It is the pastor’s heart which takes up the very words of his friend—
Yes, He speaks and speaks to thee,
May He help thee to believe!
Richard Cecil says that Herbert was a ‘favourite’ of Newton’s, and there are not wanting reminiscences of Herbert in the Olney hymns, though Newton had little of Herbert’s ingenuity or power, and he says in a few plain words what Herbert weaves into a quaint poem, bright and ever-memorable with some ‘conceit’ such as he only conceived. If we set Newton and Herbert side by side, the comparison is, of course, all in favour of Herbert. Herbert speaks to himself and to God in what is an unknown tongue to many a good plain Christian. Newton wrote for his simple labouring folk at Olney; he is the poet of the rustic prayer-meeting. Bemerton and Olney were both villages in the land of Beulah, but there is a difference in the dialect, which is easily accounted for when we remember the contrast between the life of Herbert and of Newton.

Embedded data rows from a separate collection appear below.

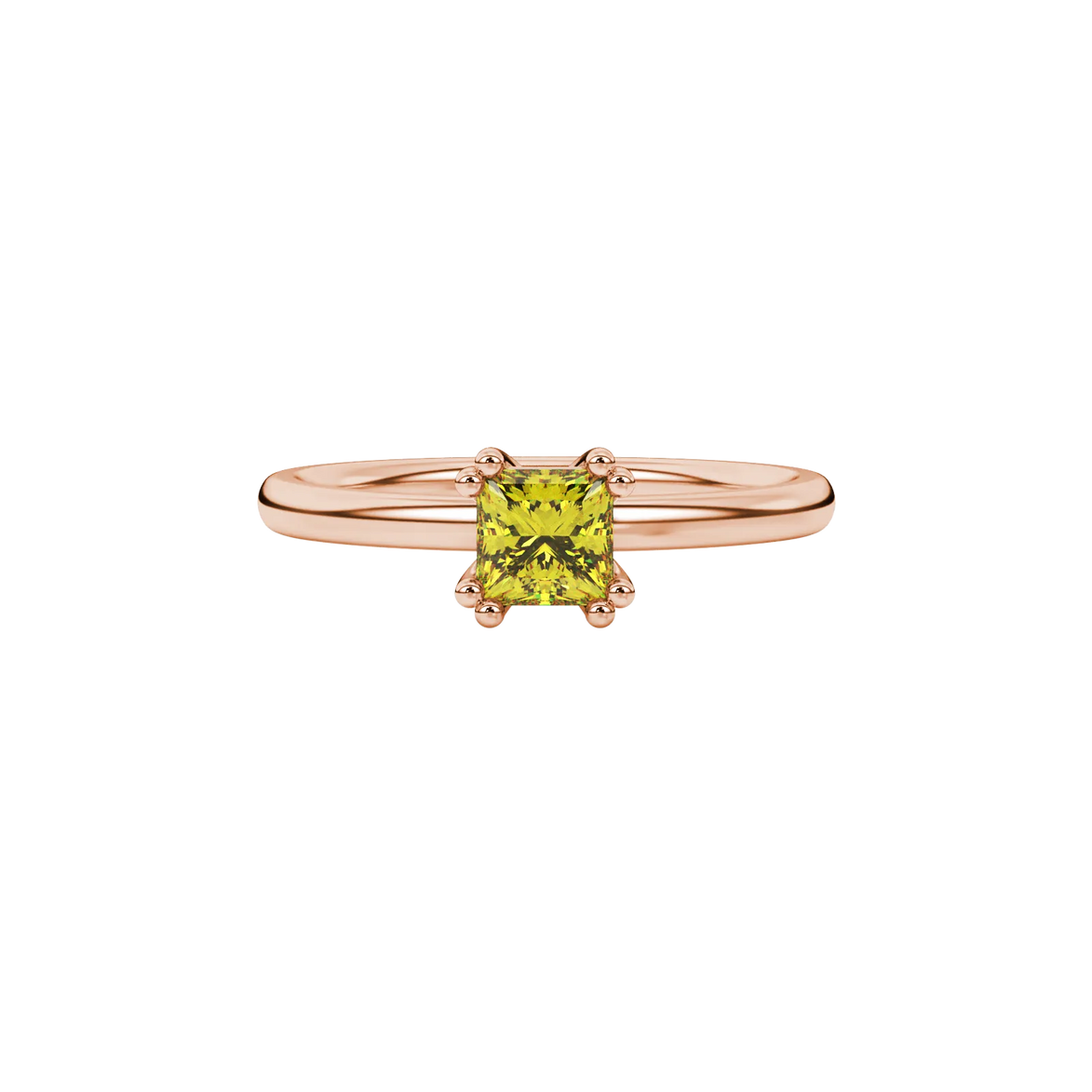 Close-up, princess canary yellow gemstone ring, rose gold vintage setting.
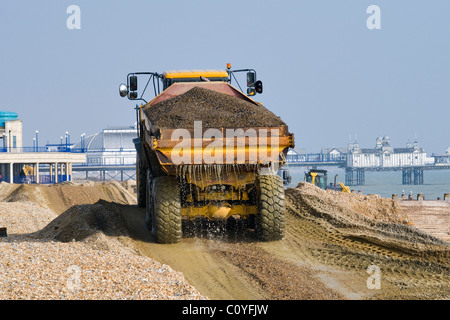 Ein artikuliert LKW Transport von Kies während in Strand Restaurierungsarbeiten in Eastbourne an der Südküste des Vereinigten Königreichs Stockfoto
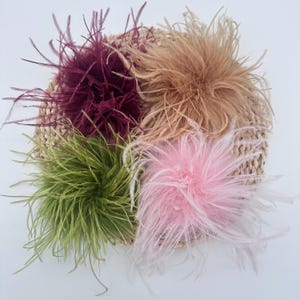 May include: Four round ostrich feather pom-poms in deep burgundy, tan, olive green, and soft pink. Each fluffy, textured plume cluster is arranged on a circular, woven, light-colored natural fiber base, showcasing distinct, wispy feather strands.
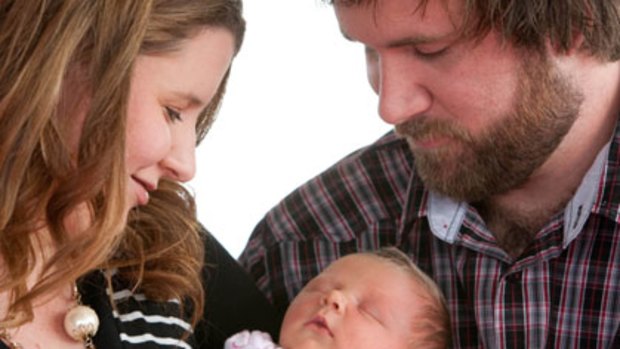 "Overwhelming" ... one-week-old Charley Randall was conceived naturally while her mother Meagan Randall, pictured with husband Adam, was conceived using IVF 26 years ago.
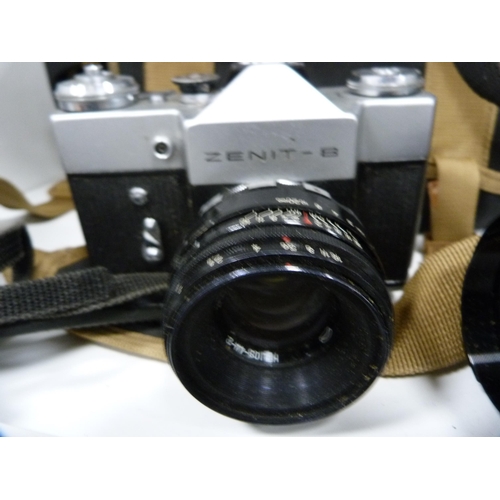 341 - Group of cameras to include a Ricoh KR-10 and XR-2, Zenit B, Praktica BX20 with accessories, Makinon... 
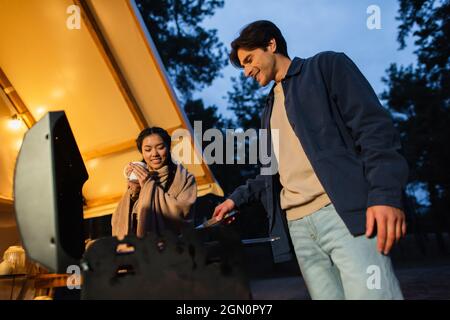 Vue en contre-plongée d'un homme souriant qui cuisine sur le grill près d'une petite amie asiatique avec une tasse et une maison de luxe à l'extérieur Banque D'Images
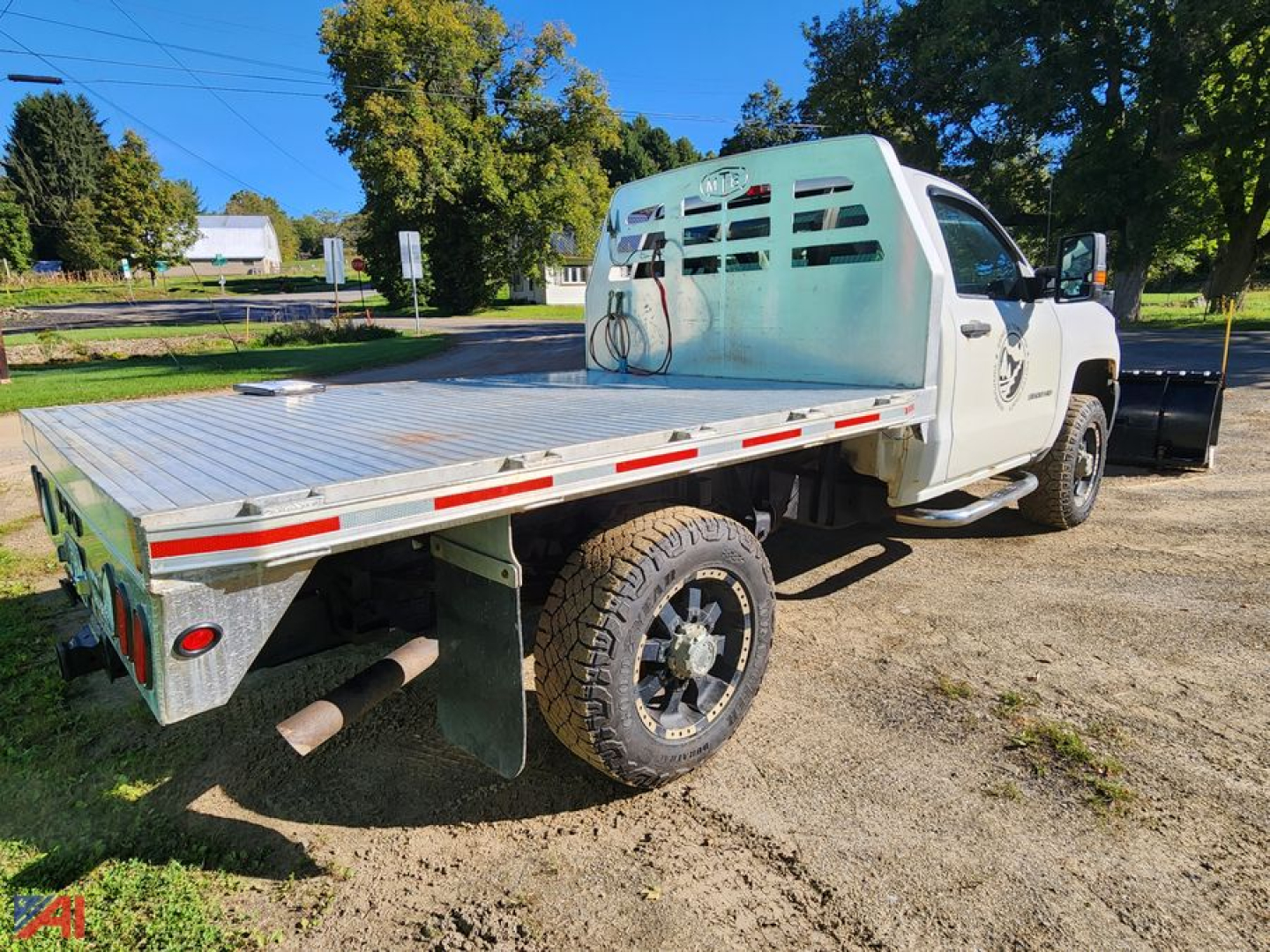 Flatbed truck with plow and aluminum bed showing rear and side profile; white cab, heavy-duty dual-wheel rear, spare tire, and bumper; VIN plate not visible.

When they passed through a similar spiritual experience they described it in very different fashion, but, though there are diversities of gifts, there is the same Spirit; there is the same self-distrust, self-abhorrence; and there is the same calm acceptance of the great salvation and its joys. George Herbert tells his deepest, sweetest experience in the final poem of The Temple.[163] Newton tells his story in simple, homely verse that is not poetry, but is prayer and praise expressed in natural rhythm.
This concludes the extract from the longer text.